Updated Fri, Mar 23, 2012 10:39 am
The David Wax Museum will be the opening act for The Carolina Chocolate Drops this Sunday at Stuart's Opera House in Nelsonville, Ohio.
Formed in 2009, the Boston-based band is essentially David Wax and Suz Slezak, who are occasionally joined by horn players, accordionists and other musicians. Since their breakthrough at the 2010 Newport Folk Festival (where they won a contest for a performance spot), The David Wax Museum has been receiving rave reviews from the public and the press.
NPR's Bob Boilen, who hosted the band for a Tiny Desk Concert in January 2011, called the band "pure, irresistible joy" and claimed, "This kind of acoustic exuberance doesn't happen often enough." This past year, the band returned to the Newport Folk Festival, but this time as main stage performers.
The group's most recent recording, Everything Is Saved, solidified their reputation and helped them become more visible on the national level. The album's single, "Born With A Broken Heart," won Song of the Year at the 2011 Boston Music Awards.
Other accolades have come from Time Magazine, which listed The David Wax Museum as one of the top 10 performers at the South By Southwest festival in Austin, Texas, and Paste Magazine ranked the band eighth in its list of The 25 Best Live Acts of 2011. Next month, they will travel to China for a weeklong residency at the University of Shanghai.
According to The New Yorker, The David Wax Museum "kicks up a cloud of excitement with its high-energy border-crossing sensibility." That sensibility is what the band calls "Mexo-American" music, an aesthetic that merges traditional son mexicano with American roots music and indie-rock energy.
While in college, David Wax spent his summers working in the Mexican countryside. After graduating from Harvard, he returned to Mexico to study and absorb the country's folk music tradition. While there, Wax learned to play the jarana jarocha, a small eight string guitar-like instrument from the state of Vera Cruz.

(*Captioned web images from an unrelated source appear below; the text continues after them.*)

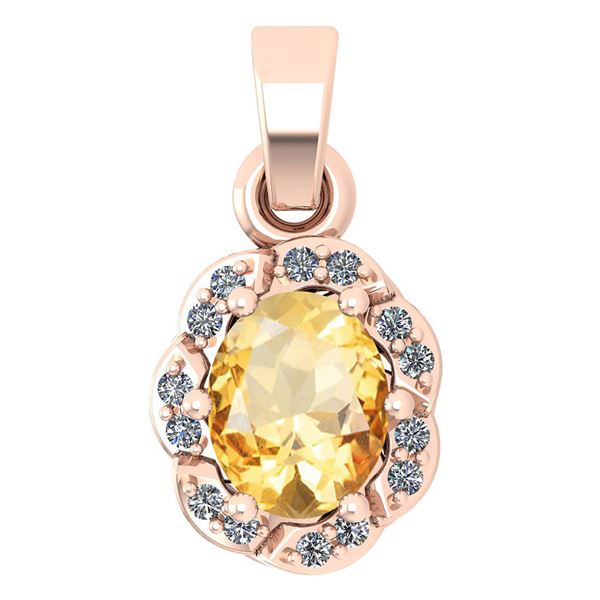 Certified 0.38 Ctw Citrine And Diamond 14k Rose Gold Si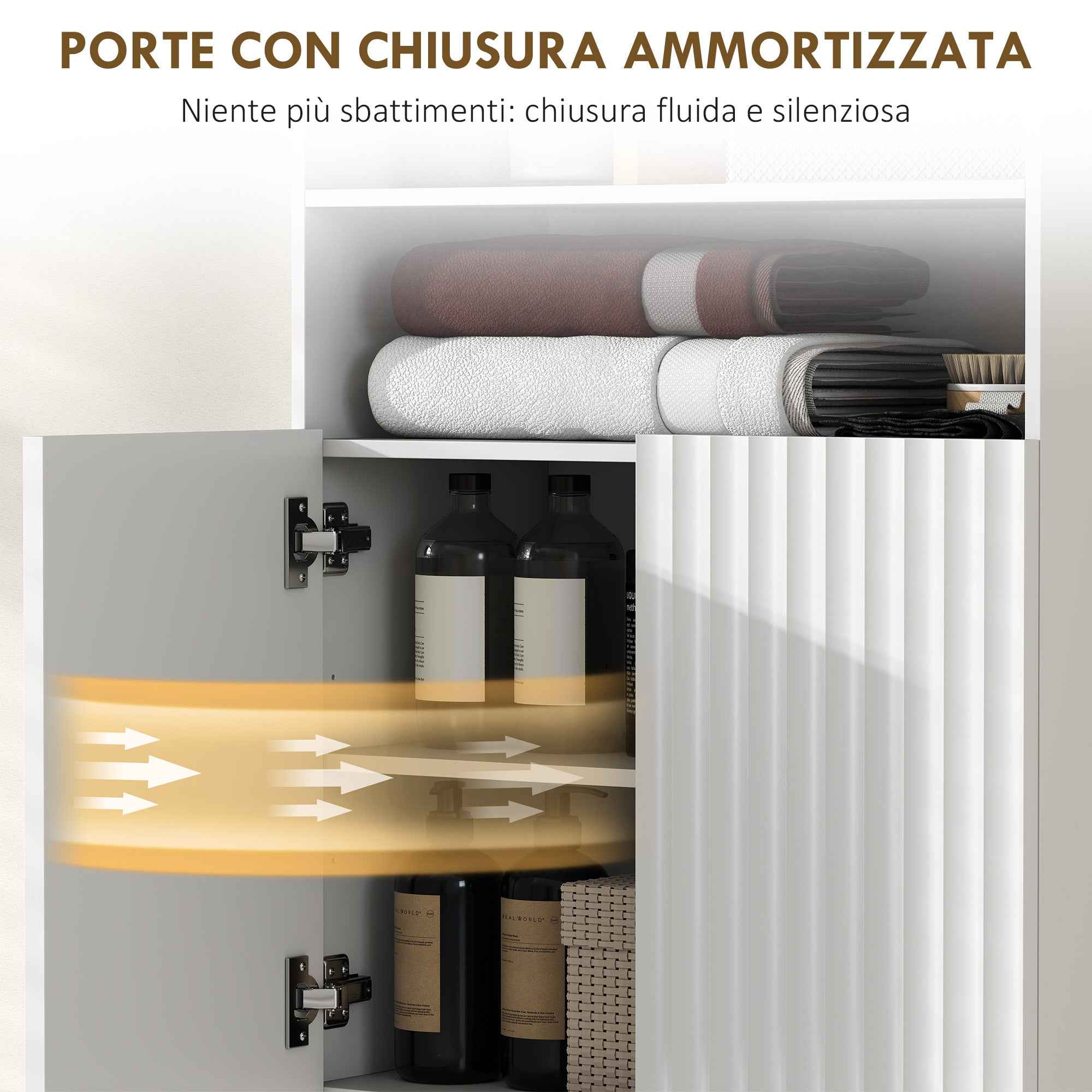 HOMCOM Modern Bathroom Cabinet with 2 Open Shelves and Soft-Close Doors, 60x31.8x93 cm, White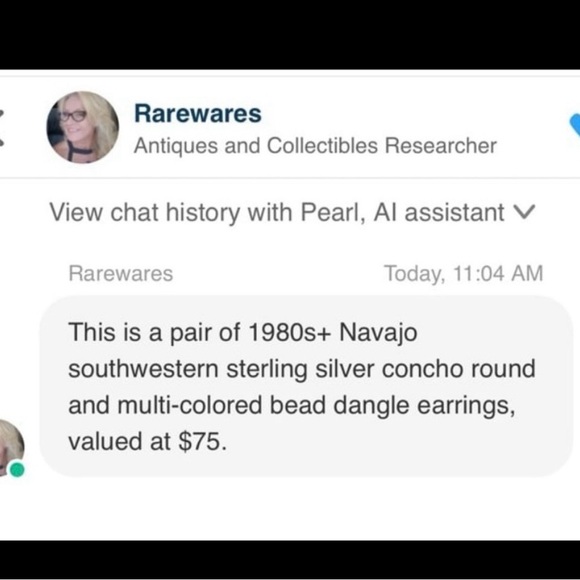 Vintage Sterling Silver Concho Fringe Earrings with Multi-Color Beads - Picture 8 of 9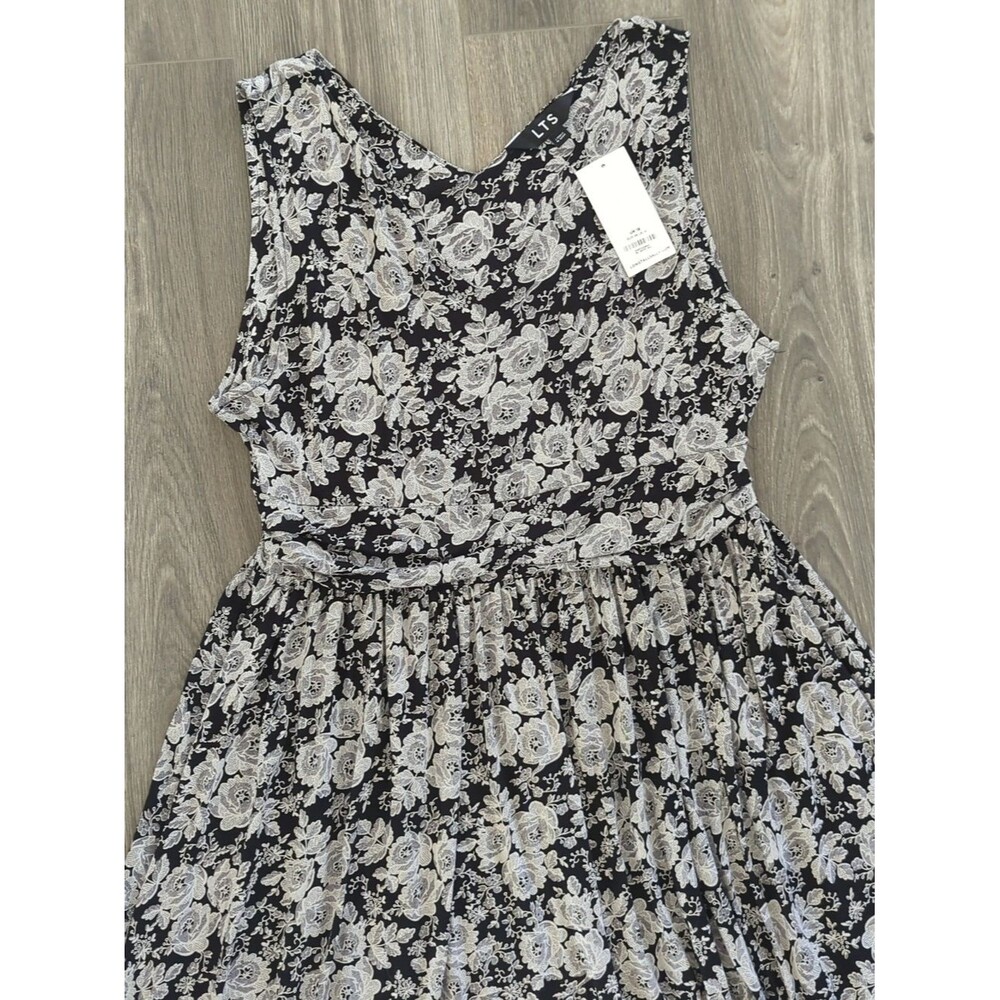 LTS Woman's Tall Black Floral Maxi Dress Size 14 - Picture 4 of 6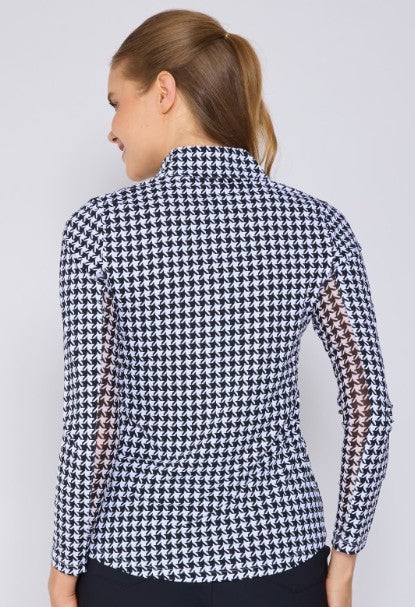 G Lifestyle Quarter Zip Long Sleeve Houndstooth Top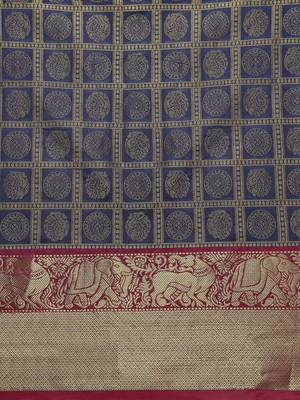Navy Blue Woven silk blend Saree With Blouse 3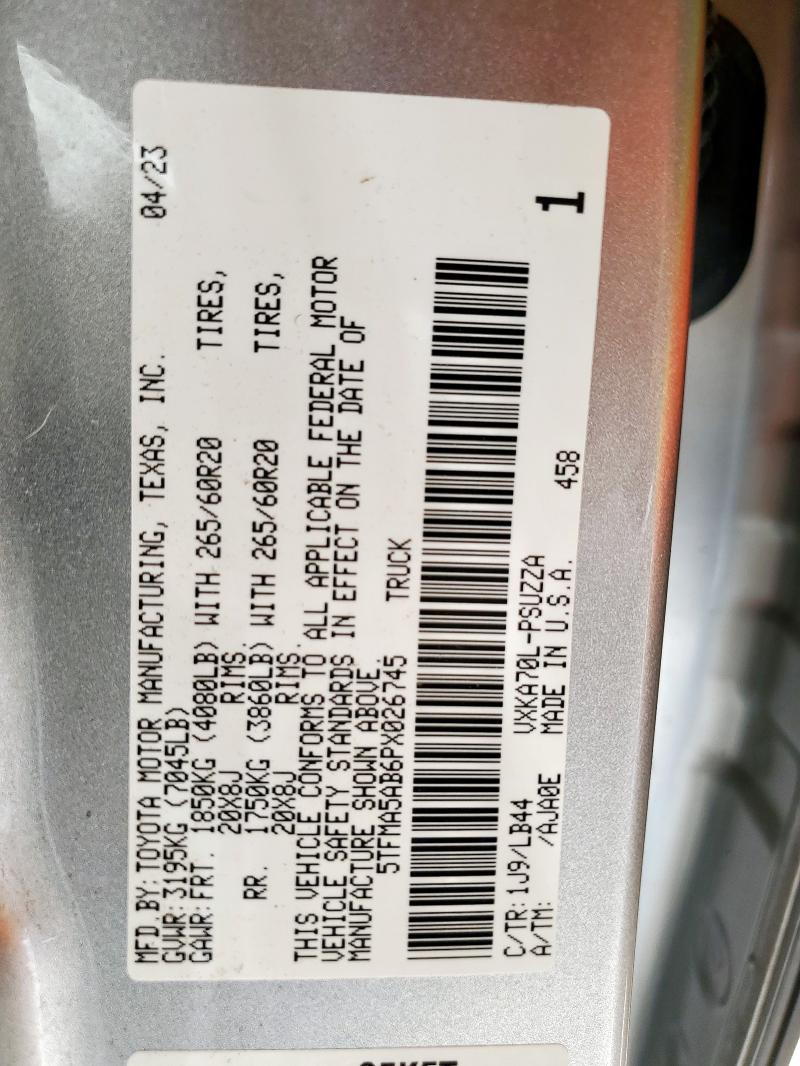 5TFMA5AB6PX026745 - 2023 TOYOTA TUNDRA CREWMAX PLATINUM GRAY photo 13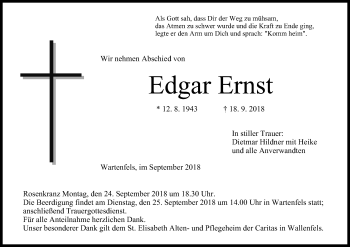 Anzeige von Edgar Ernst von MGO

After returning to Boston, he met Suz Slezak, a violinist whose musical background included traditional Irish fiddle and old time tunes and classical music. Wax convinced her to take up the quijada, a traditional Mexican percussion instrument fashioned from a donkey's jawbone, and along with her fiddle and harmony vocals, joined in the process of blending the styles and sounds that would become The David Wax Museum.